**GIVEN INFORMATION**
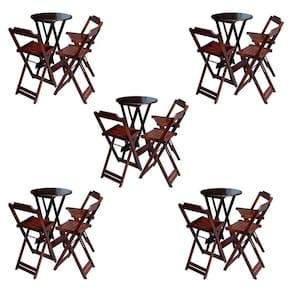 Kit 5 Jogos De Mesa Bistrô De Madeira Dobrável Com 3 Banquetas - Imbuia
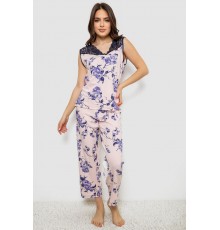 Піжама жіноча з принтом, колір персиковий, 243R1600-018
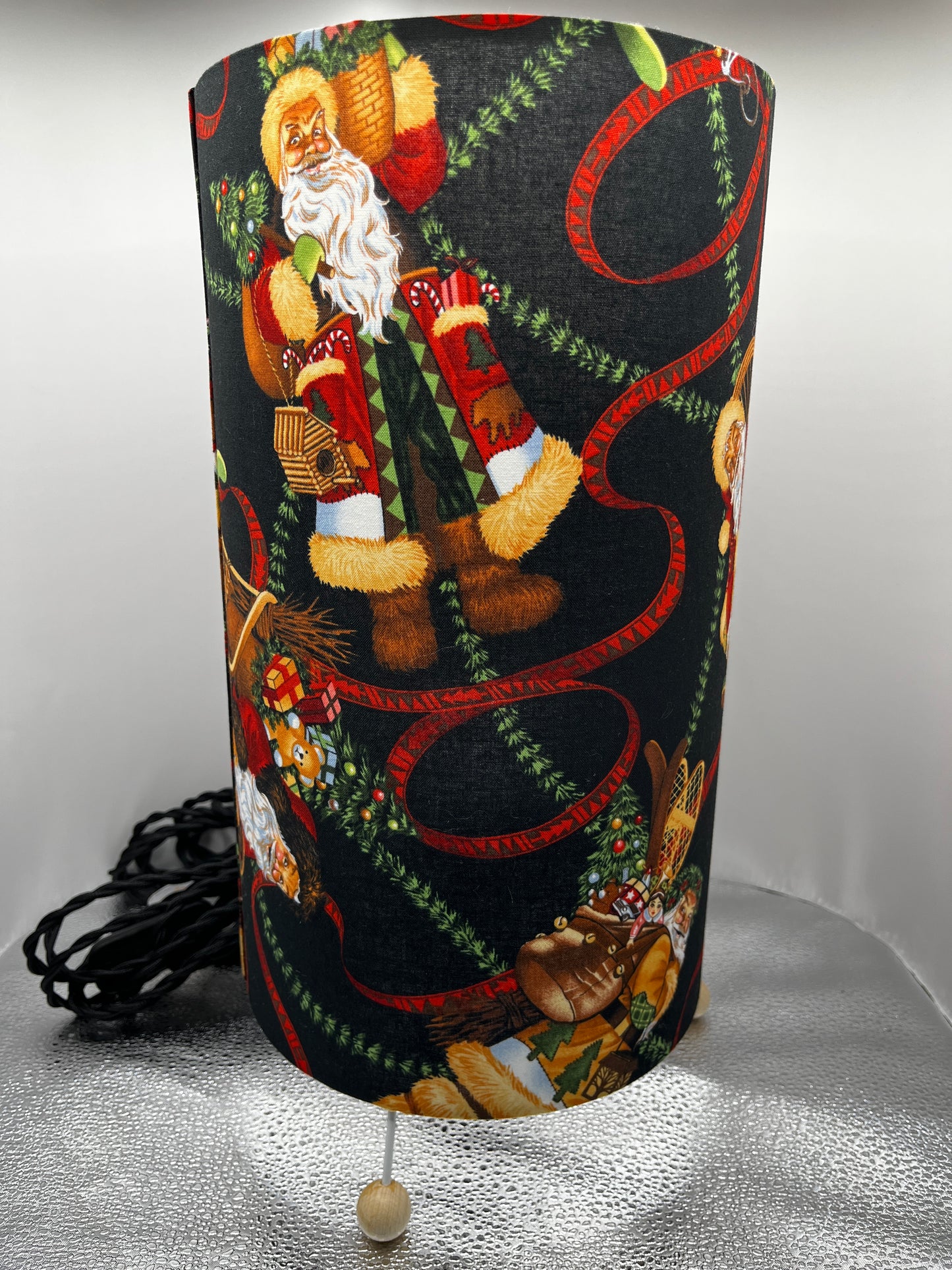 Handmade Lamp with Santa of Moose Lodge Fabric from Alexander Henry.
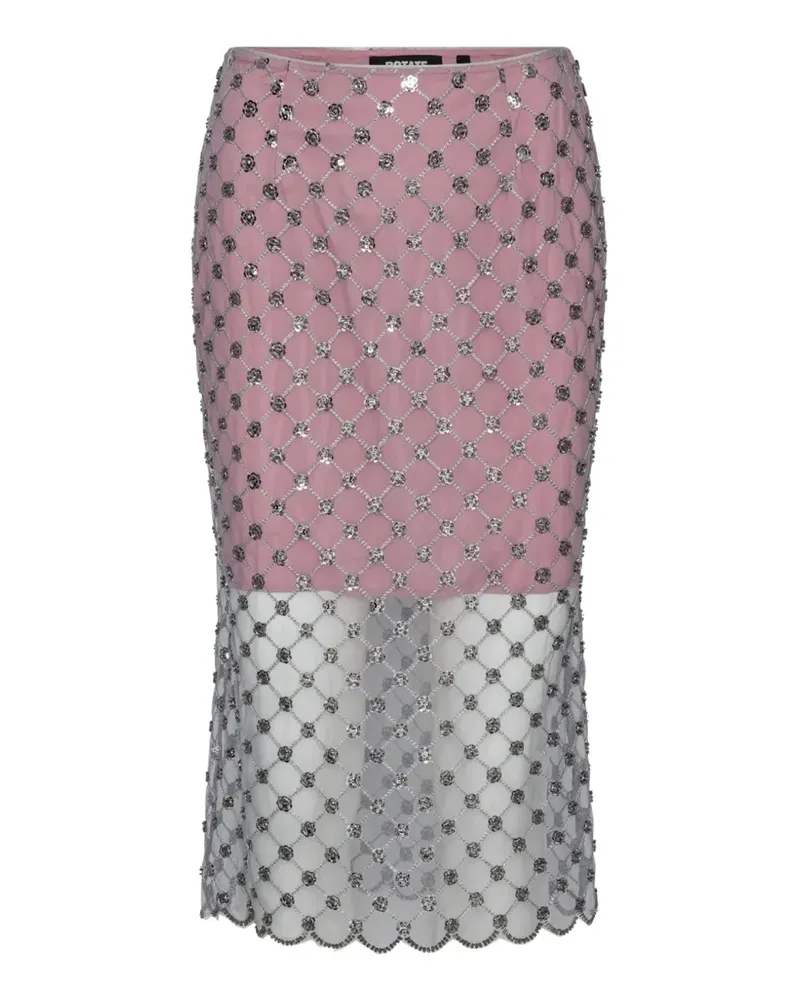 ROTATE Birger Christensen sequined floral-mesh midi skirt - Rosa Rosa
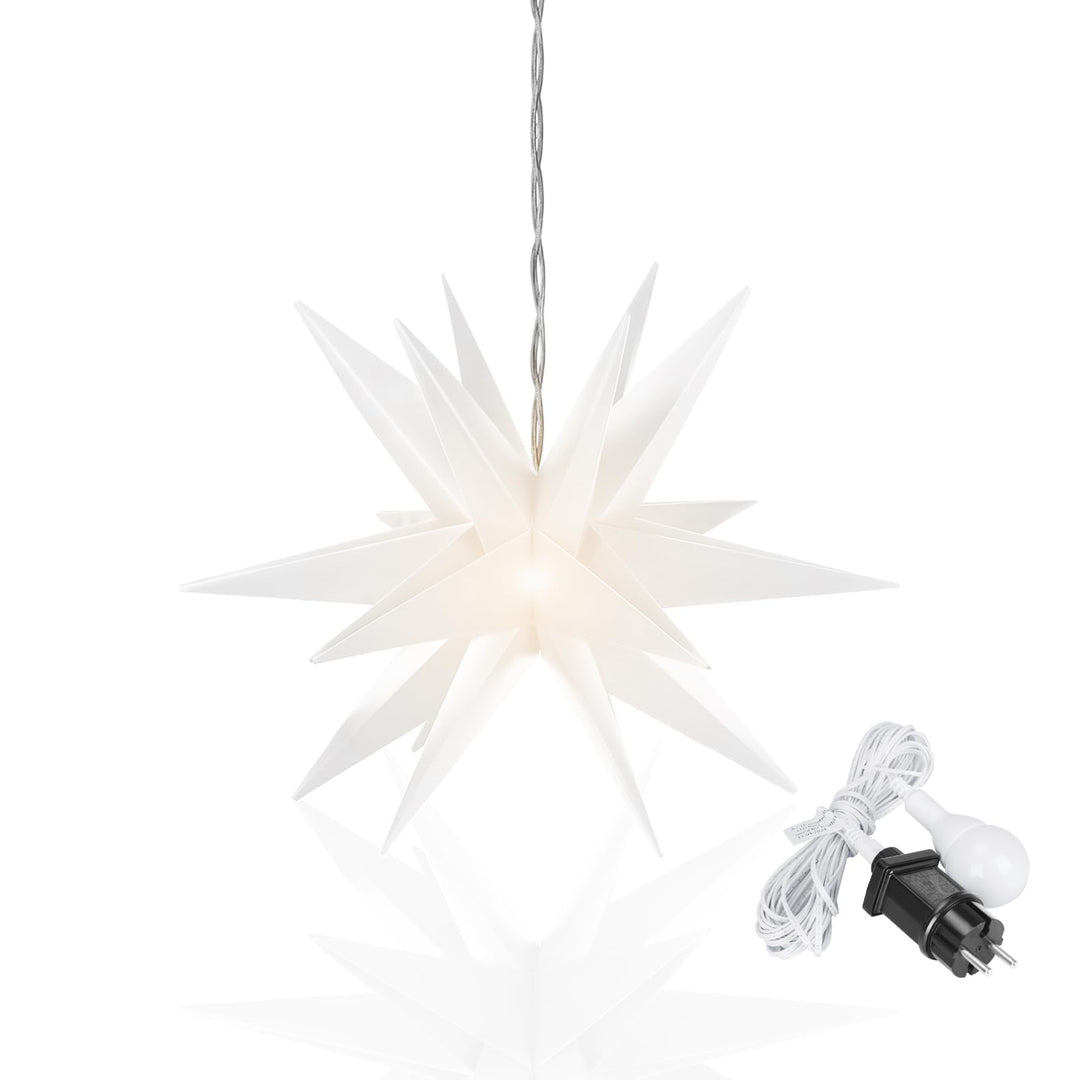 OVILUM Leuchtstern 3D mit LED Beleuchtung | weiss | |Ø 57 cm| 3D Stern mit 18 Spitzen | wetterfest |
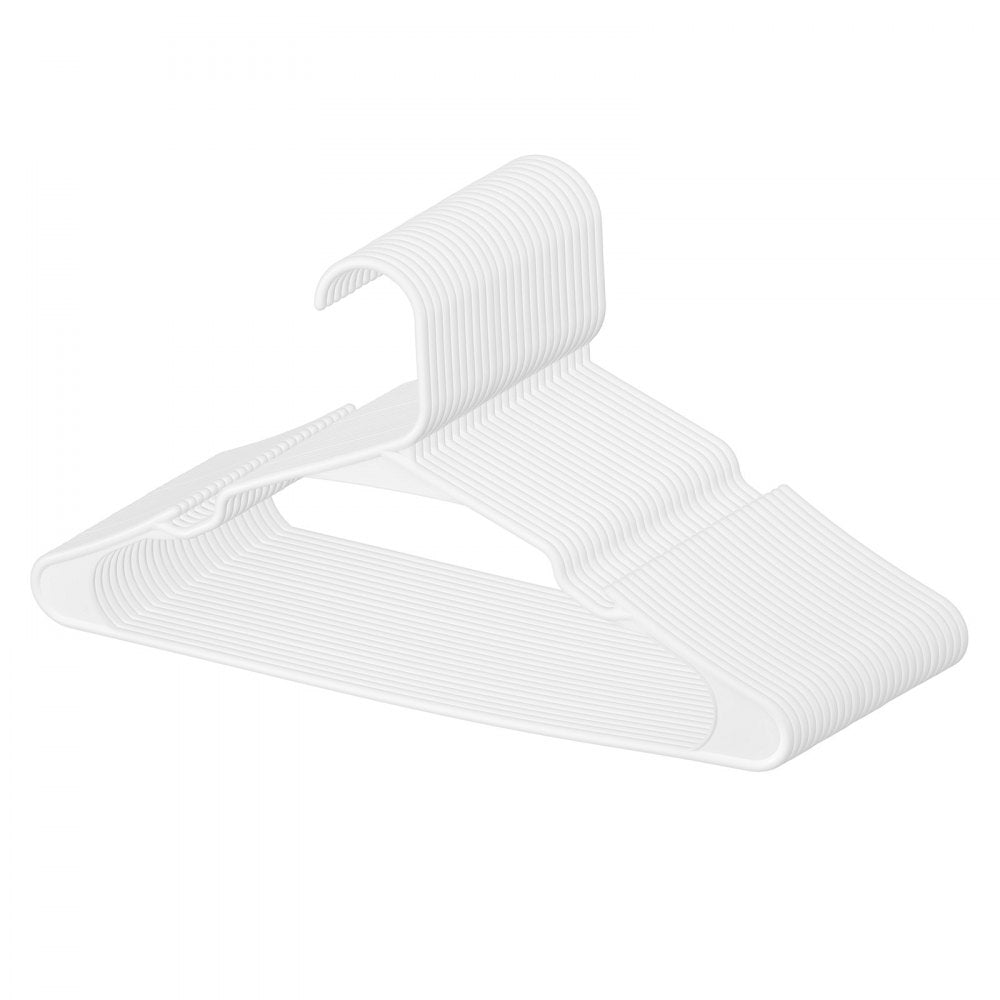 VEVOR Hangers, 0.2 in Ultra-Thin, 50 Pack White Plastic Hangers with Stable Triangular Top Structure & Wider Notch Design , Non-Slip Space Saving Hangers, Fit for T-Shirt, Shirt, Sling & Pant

**YOUR OBJECTIVE**
What is needed is a word-for-word copy of the data above, free of any images.

**OUTPUT**
 Kit 5 Jogos De Mesa Bistrô De Madeira Dobrável Com 3 Banquetas - Imbuia
 Піжама жіноча з принтом, колір персиковий, 243R1600-018
 Handmade Lamp with Santa of Moose Lodge Fabric from Alexander Henry.
 ROTATE Birger Christensen sequined floral-mesh midi skirt - Rosa Rosa
 OVILUM Leuchtstern 3D mit LED Beleuchtung | weiss | |Ø 57 cm| 3D Stern mit 18 Spitzen | wetterfest |
 VEVOR Hangers, 0.2 in Ultra-Thin, 50 Pack White Plastic Hangers with Stable Triangular Top Structure & Wider Notch Design , Non-Slip Space Saving Hangers, Fit for T-Shirt, Shirt, Sling & Pant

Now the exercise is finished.